The assessment came about when it was noted that the price of rice rose to a scary “new 34-year high.” Although the Philippines is a country recognized as a land with extensive arable areas conducive to rice and corn crops, it has never been able to produce enough to feed the growing millions of Filipinos. Thus, any surge in rice prices “is bound to spur social unrest and political instability.”

Political regimes rose and fell on the issue of rice. In the 1960s, during the regime of President Diosdado Macapagal, father of our incumbent President, people were lining up for their rice rations all over the archipelago. The government had to set up the National Rice and Corn Corp. (Naric) whose main function was to buy and sell rice and corn to the people at a price within the reach of the low income citizenry.

The Philippines, considered one of the world’s biggest rice importers, has been importing rice annually from other Asian countries for more than half a century now. Recently, it imported rice from the world’s top supplier, Thailand and Vietnam, at $708 per metric ton or about P30 per kilo, “up nearly 50 percent” from the price the government paid for its importation last January.
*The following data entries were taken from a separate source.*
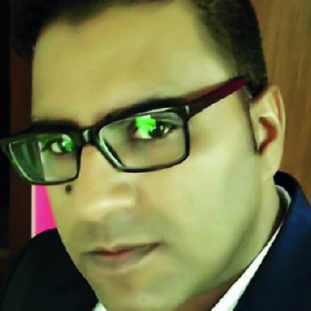 Neeraj Goel,CEO Neeraj Goel,CEO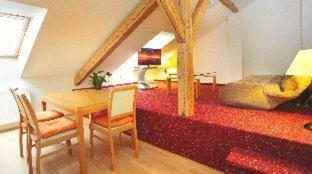 Hotel Brixen, Praga (foto 6)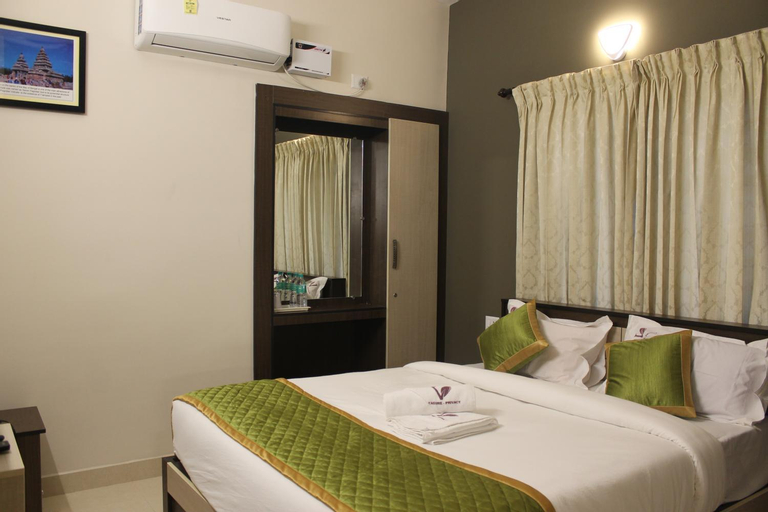 Bedroom 11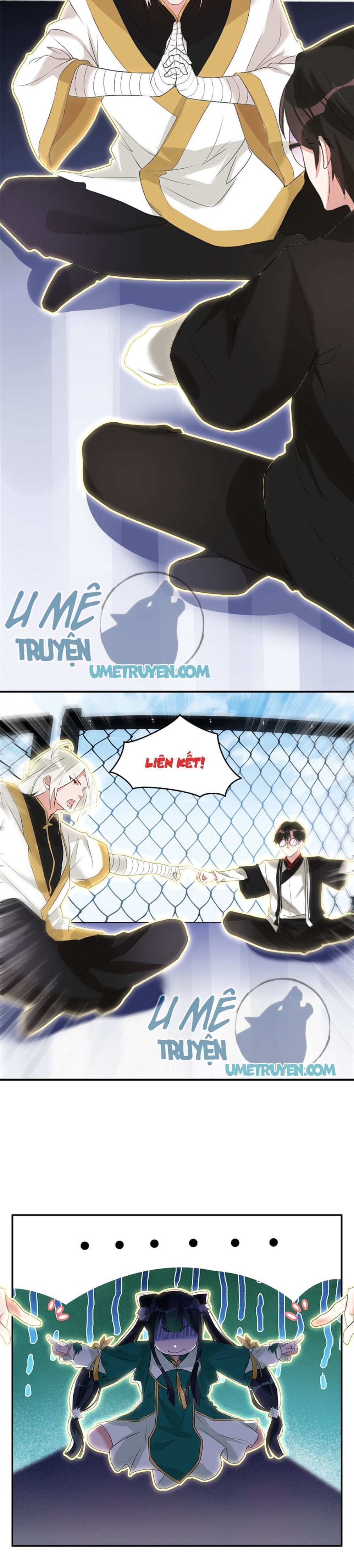 (full) ác thần sự vụ sở chapter 19 3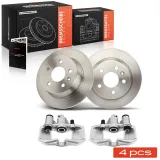 Bremssattel Frankberg 5481FB0065687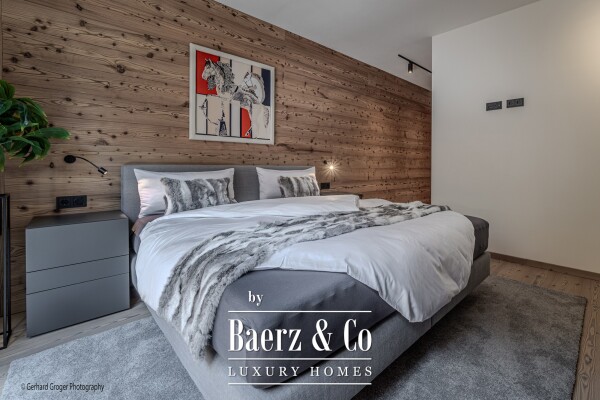 photo 16 Beautiful luxury home in Kirchberg in Tirol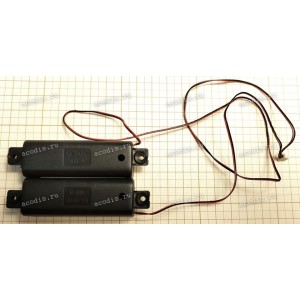 Speaker Sony (p/n 57020GY00-705-G, R-HDL 2040-YX) & Cable 4 pin HDL SPEAKER 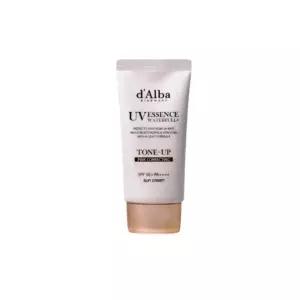 [하프클럽/셀러허브_뷰티]달바 워터풀 톤업 선크림 SPF50+ 50ml 1개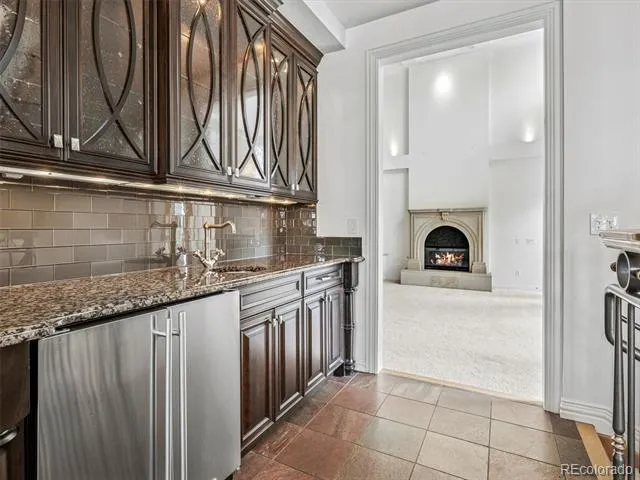 5701 S Aspen Court Greenwood Village, CO 80121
Consequently, looming now above the national broadband scam is the far graver and more serious threat of rice shortage. Against the backdrop of a food crisis, all else become minutiae in the imperative need to contain possible hunger among the people.

The threat of the cereal shortage has extended one more opportunity to the President’s political detractors and critics to launch another attack on her administration. GMA, however, has approved a proposal to increase the budget for rice production. One reportedly calls for the planting of “600,000 hectares of rice during the rainy season in the country’s 10 poorest provinces, 500,000 hectares in other provinces.”